Due facce italiane contro i miasmi che si respirano intorno e dentro il calcio di casa nostra: Prandelli e Trapattoni.
Due con cui certe cose neanche ti verrebbero in mente, due persone semplici, due maestri di calcio, sia pure interpretato in modo diverso.
Il titolo è però dedicato al Trap, che a me sembra uguale identico a quando l’ho conosciuto meglio tredici anni fa, nel ritiro di Abbadia San Salvatore.
Stessa grinta, stessa prontezza, stessa voglia di mangiarsi la vita, anche se ha 72 anni, è ricchissimo e non avrebbe sfide da vincere.

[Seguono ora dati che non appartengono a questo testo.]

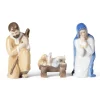 Royal Copenhagen Home Décor|Skulpturer Og Figurer*Figurer krybbespil, Joseph, Maria og Jesusbarnet, 13 cm, 13 cm, 5,5 cm, 3 stk.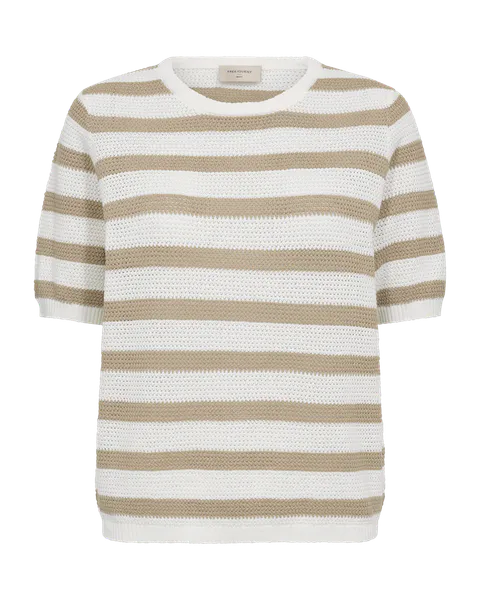 Hovedbilde DODO GENSER STRIPET - SAND/OFFWHITE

Credo che il dopoguerra sia stato un propellente straordinario per uomini e donne che hanno vissuto da bambini prima l’angosciosa incertezza della ripartenza e poi l’entusiasmante consapevolezza che ci sarebbe stato un futuro diverso rispetto alla loro infanzia.
Infatti non ne vogliono sapere di mollare e così ci troviamo pieni di splendidi settantenni che se non rincoglioniscono con le pillole blu, e si fanno di conseguenze fregare la vita da rapaci signore e signorine, ci insegnano ogni giorno qualcosa.